# Betta Flare Contest



## PonyJumper101

***THIS IS NOT AN OFFICIAL BETTAFISH.COM CONTEST***

*Post a flaring picture of your betta! Angle does not matter. Male or female. Photo can be captioned but will not effect your entry if it isn't! One picture per member please. 

There will be 3 judges, Me and two other members. If you would like to be a judge, send me a private message!

Prizes- First place will recieve bragging rights and a drawing by me 

There will be a first, second and third if enough pictures are entered.
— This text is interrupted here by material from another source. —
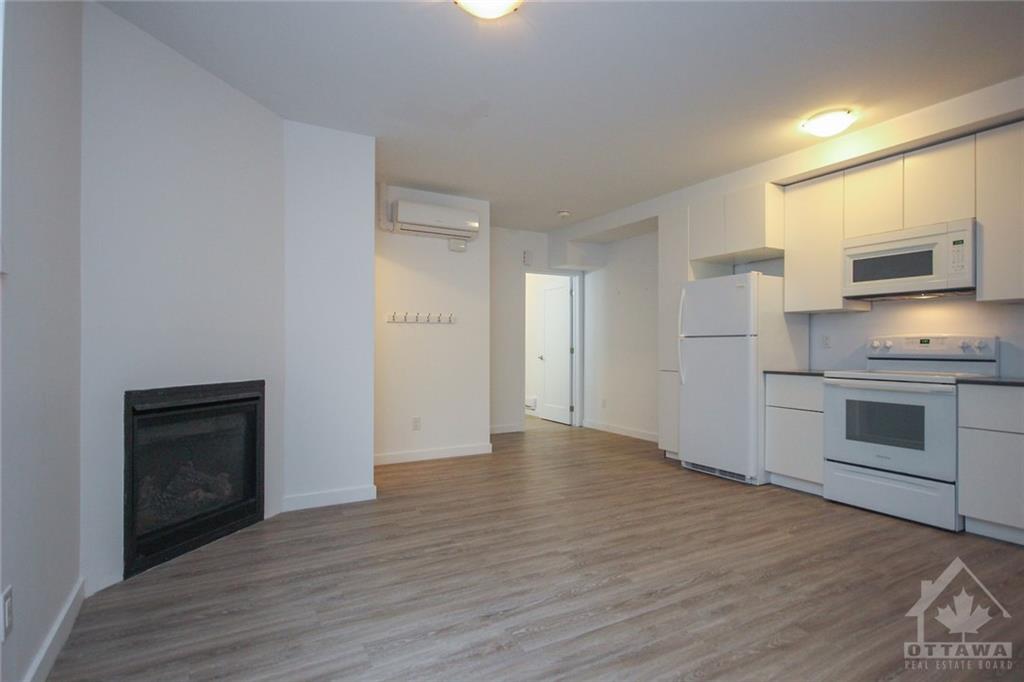 247 GRANVILLE Street, #B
Contest ends October 1! Can't wait to see all of your beautiful bettas *

Permission has been given by aokashi


----------



## PonyJumper101

*For the flaring picture:

Betta must show beard in the photo.

Any non-flaring photo will not be able to participate in the contest. Must be a flare photo.

Thank you :-D*


----------



## Emparios

May I enter two fish, or is only one permitted?


----------



## xShainax

This is Bazooka Joe. SIP


----------



## PonyJumper101

One fish  beautiful boy xShinax!


----------



## xShainax

PonyJumper101 said:


> One fish  beautiful boy xShinax!


Thank you.  He was my favorite betta ever.


----------



## Year of the Betta

Oh i want to enter my Sushi!


----------



## PonyJumper101

Oh wow! Love his blue!


----------



## Indigo Betta

Here's Igneel flaring he always flares but Ellis hardly ever flares.


----------



## madmonahan

Here's my boy Denim flaring, I can never get his face while he's full on flare. It's hard to see his beard considering it's clear ;P


----------



## PonyJumper101

Wow absolutely beautiful!


----------



## Lucillia

Indigo I love Igneel's beard and face. XD It just makes me giggle.


----------



## Canis

He doesn't have a name yet, but here is my best flare pic as of today ^^


----------



## PonyJumper101

Oh wow! Breath taker!


----------



## Indigo Betta

Lucillia said:


> Indigo I love Igneel's beard and face. XD It just makes me giggle.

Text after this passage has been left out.